§ EXERCISE:
The expected output is each line from the one containing "Topraksız Tarım Maliyeti 2025" to the last line of the data below, set down exactly, minus the pictures.

Data items
◆ ◆ ◆ ◆ ◆ ◆ ◆

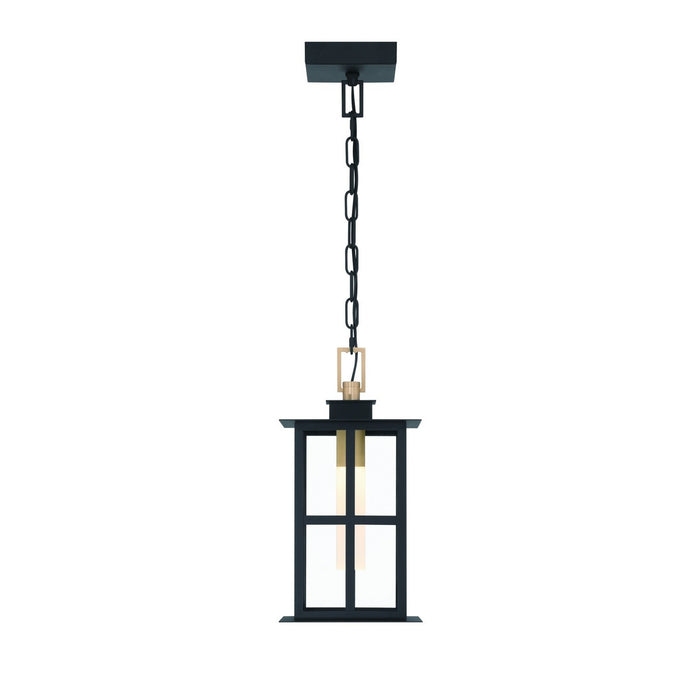 Eurofase 47388-017 LED Pendant, Brass-Black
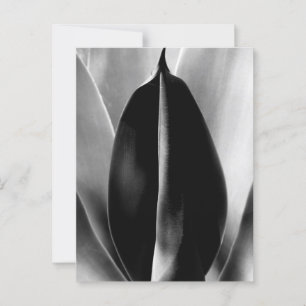 Carte Postale Aloe - Photographie de Macro Art en noir et blanc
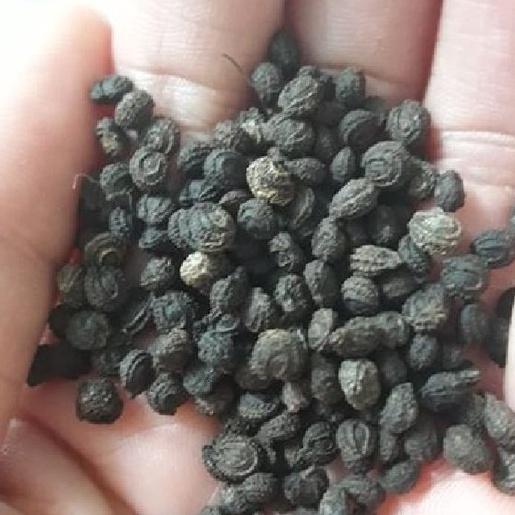 Hạt giống cây sương sâm lông-gói 30 hạt/tặng kèm gói phân bón lót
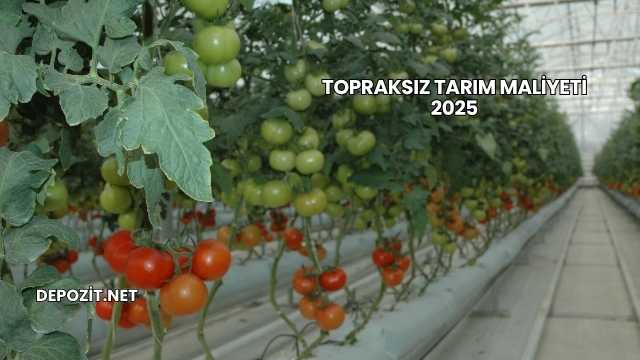 Topraksız Tarım Maliyeti 2025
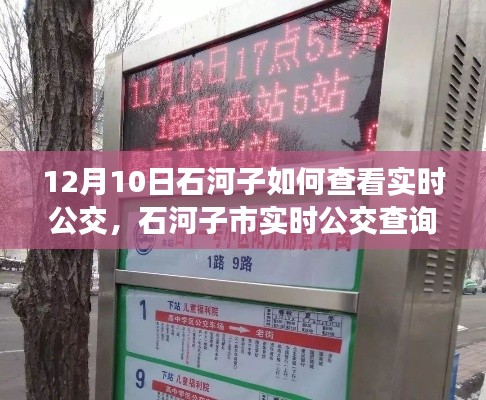 初学者也能轻松掌握,石河子市实时公交查询指南(附查询步骤)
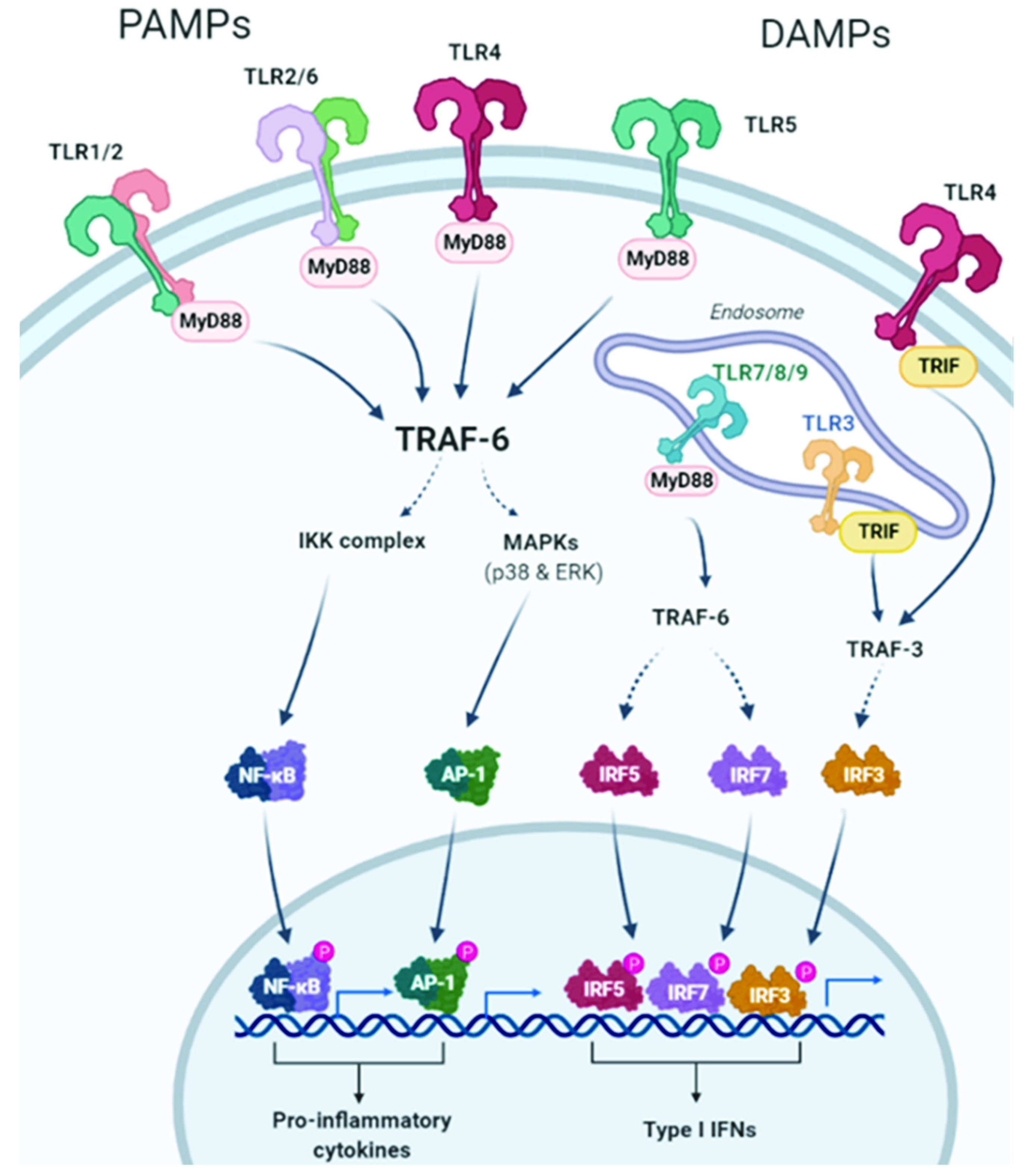 Ijms 23 06539 g001 Ijms 23 06539 g001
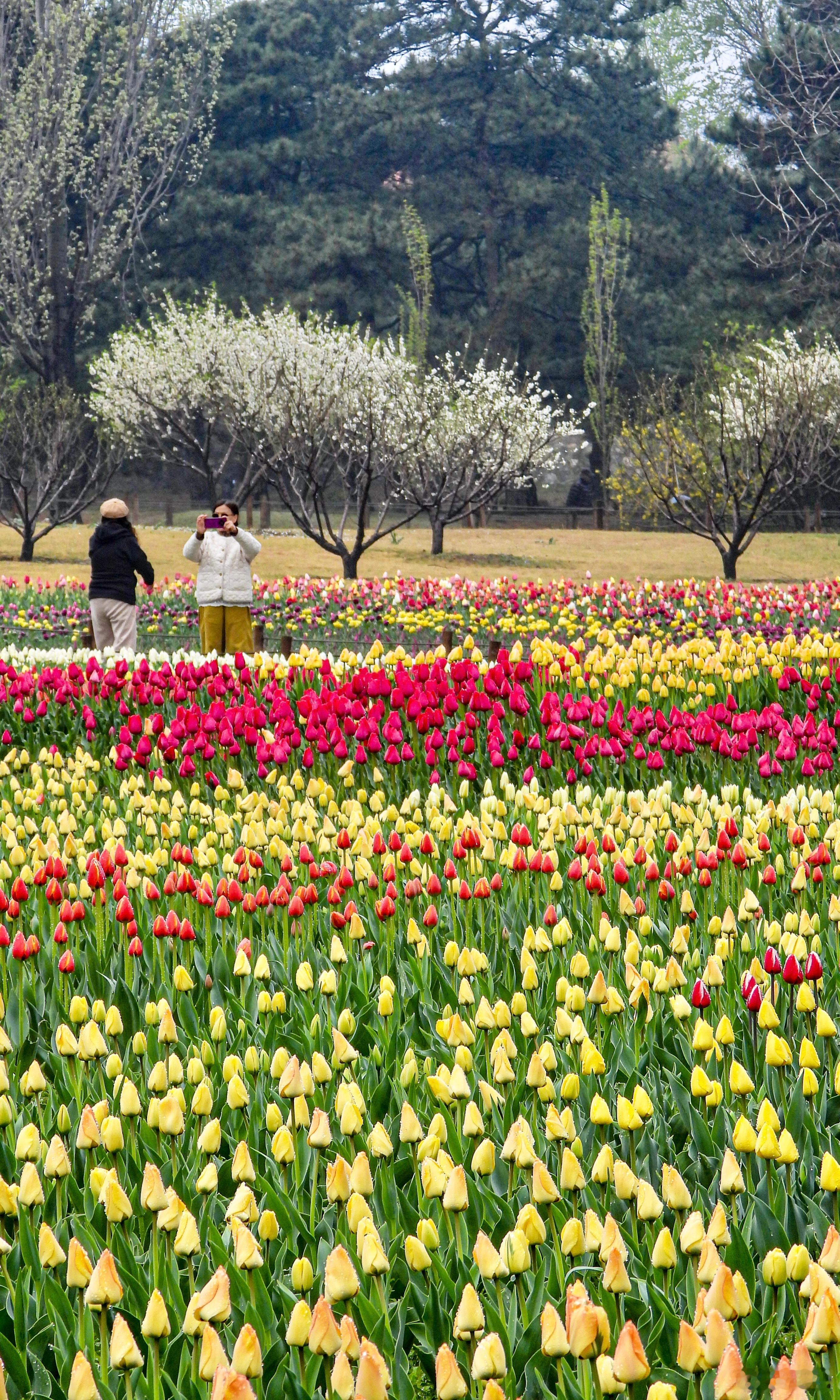 【国家植物园 郁金香花开如海】晓露凝芳甸，晴光入翠茵。千丛金缕艳，万朵绛唇新。香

◆ ◆ ◆ ◆ ◆ ◆ ◆

§ SOLUTION TO THIS EXERCISE:
 Topraksız Tarım Maliyeti 2025
 初学者也能轻松掌握,石河子市实时公交查询指南(附查询步骤)
 Ijms 23 06539 g001 Ijms 23 06539 g001
 【国家植物园 郁金香花开如海】晓露凝芳甸，晴光入翠茵。千丛金缕艳，万朵绛唇新。香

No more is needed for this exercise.